Pada Desember 2015, betapa terkejutnya pria yang membesarkan STKIP-PGRI Pontianak ini karena setahunya tunggakan pajak kampus itu sudah diselesaikan melalui BA maupun BS. Samion bahkan sempat beberapa kali menghindar karena merasa sudah membayar pajak.

“Petugas pajak itu datang dan ingin bertemu saya terus. Mereka minta waktu untuk menjelaskan terkait tagihan pajak yang tenggat waktu pembayaran sudah mendekati pinalti. Begitu mendapatkan penjelasan dari pihak pajak, baru saya terhenyak dan semua terungkap,” tukasnya.

Berdasarkan penghitungan petugas pajak, tambah Samion, sebenarnya yang harus dibayarkan pihak kampus hanya lebih kurang Rp900 juta. Berbeda dengan perhitungan BA dan BS.

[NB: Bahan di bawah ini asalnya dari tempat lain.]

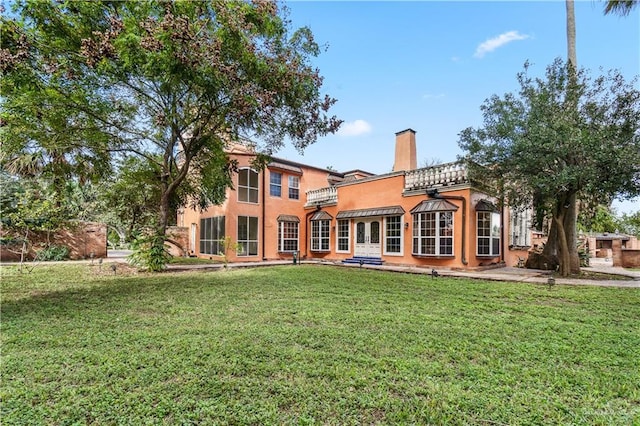 27101 N State Highway 345, San Benito, TX 78586 - back of house featuring stucco siding, a chimney, a yard, and a balcony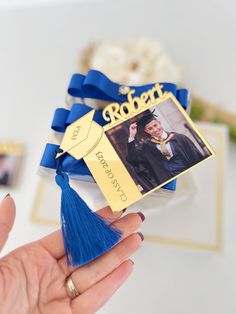 a person holding a blue and gold graduation ornament with a photo on it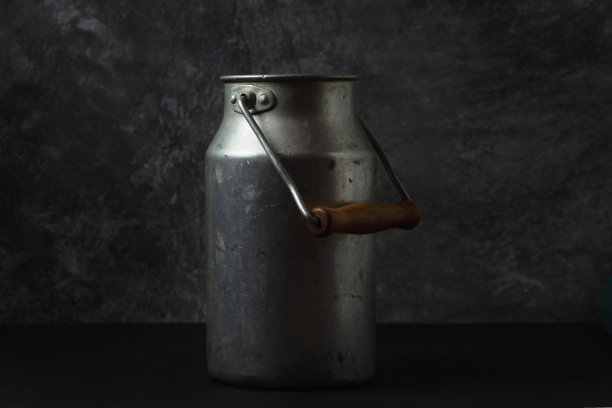 旧牛奶铝罐在一个黑暗的背景图片下载
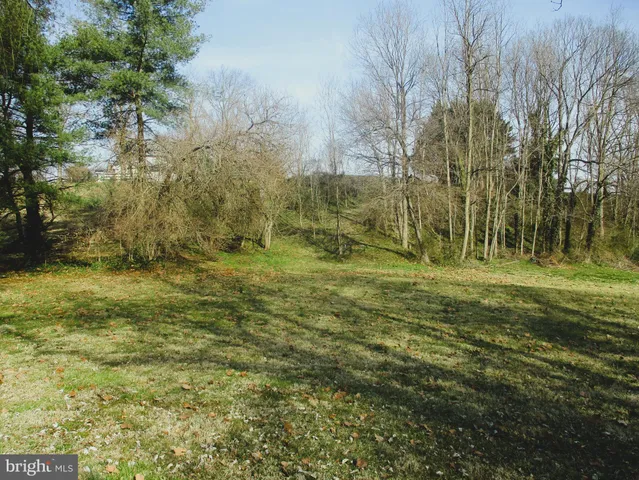 a view of a backyard of the house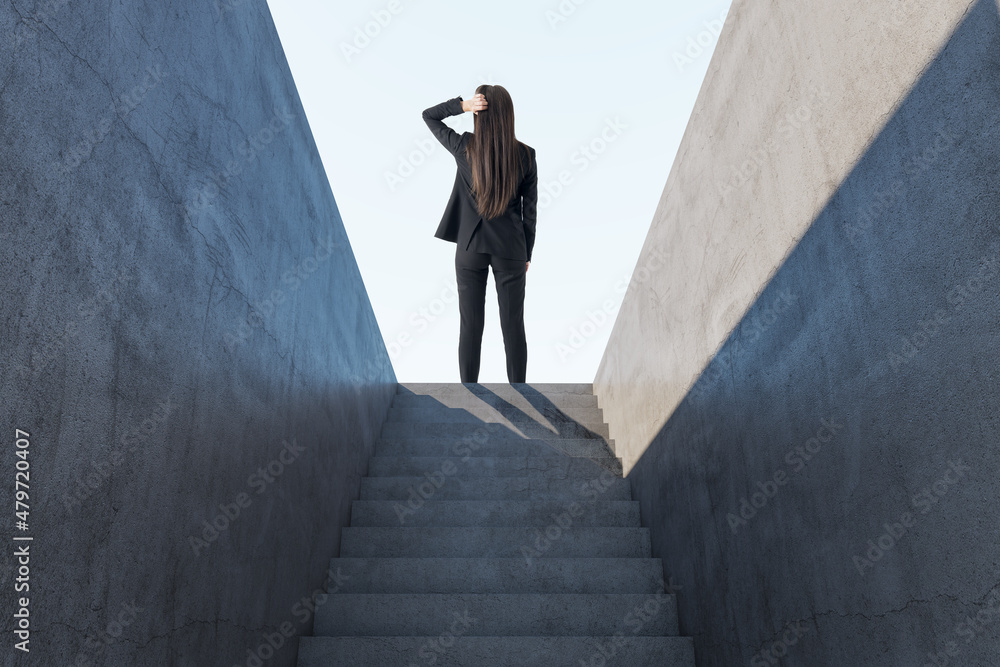 体贴的女人站在抽象的混凝土楼梯上，在阳光下走向成功的背影。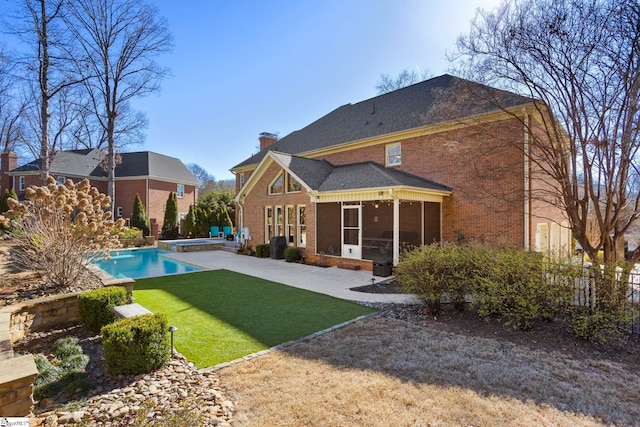 204 Waterford Ln, Greer, SC 29650 - back of house with brick siding, fence, a sunroom, a yard, and a chimney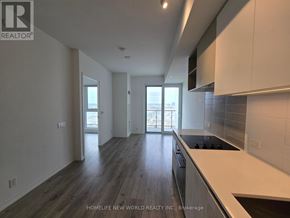 Vaughan (Vaughan Corporate Centre) condo for rent - A modern kitchen with dark wood floors and white cabinets.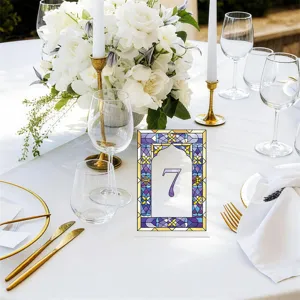 Detail view of acrylic table number sign featuring stained glass style design for weddings.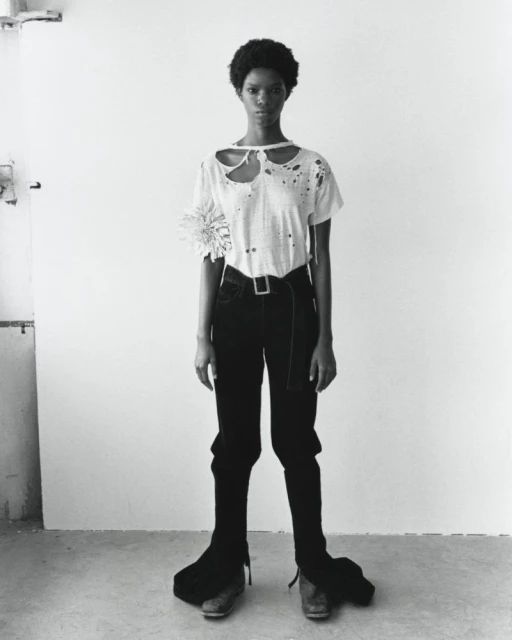 Monochrome full shot of a slim, dark-skinned woman with natural hair posing in a white t-shirt, dark pants, and dress shoes indoors.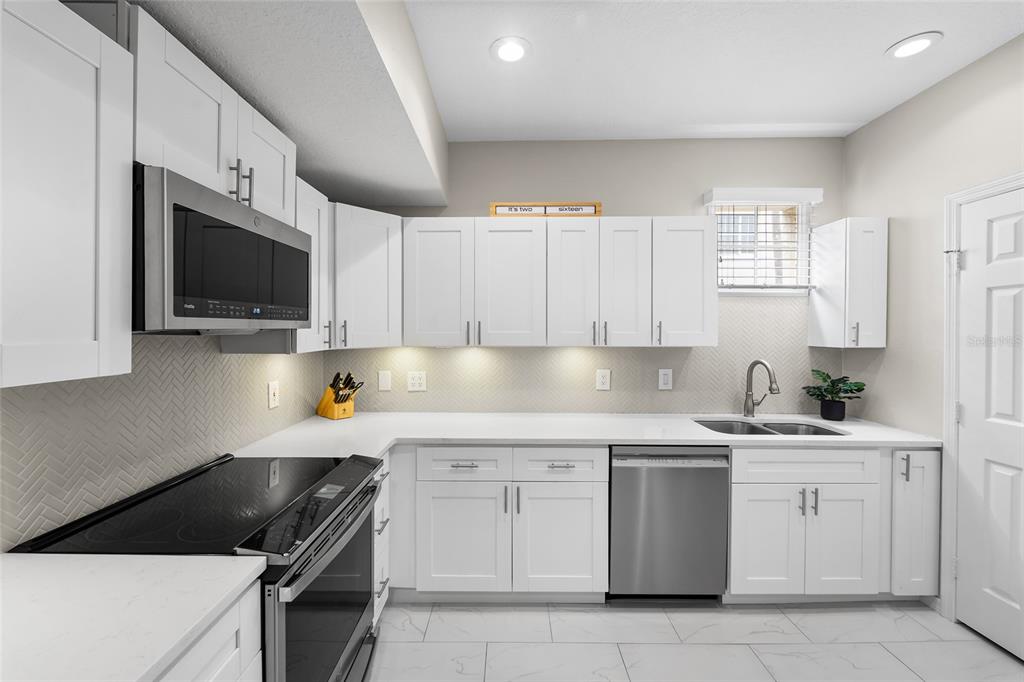 A modern kitchen features white cabinets, stainless steel appliances, a herringbone backsplash, and white countertops — 501 KNIGHTS RUN AVENUE UNIT 5102, TAMPA, FL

Karena terhitung menunggak pajak dan tak mau didenda dua kali lipat dari angka utamanya, pajak tersebut pun kemudian dipenuhi pihak kampus sebagai kewajiban dan pertanggungjawaban. Artinya, pihak kampus mengeluarkan duit dua kali.

“Ya kami kemudian mengeluarkan uang lagi untuk membayar pajak. Kemudian kami laporkan ulah BA dan BS kepada polisi. Kami merasa dirugikan dan menempuh jalur hukum untuk menyelesaikannya,” ucap Samion.

Ia kembali menegaskan, pihak kampus tak memberi ampun terhadap para pelaku ini. Samion juga mewanti-wanti untuk staf atau pegawai lainnya jangan ada yang melakukan perbuatan melawan hukum.

Kasus yang sudah masuk proses penyidikan Polresta Pontianak itu tidak menutup kemungkinan adanya keterlibatan pihak lain. Terutama yang membantu mengeluarkan bukti slip setoran dan print out transaksi.

“Kita masih melakukan pendalaman, kemungkinan ada tersangka lain di balik kasus ini. Sedangkan untuk BS dan BA akan dijerat Pasal 374 KUHP, dengan ancaman lima tahun penjara,” terang Kompol Andi Yul Lapawesean, Kasat Reskrim Polresta Pontianak.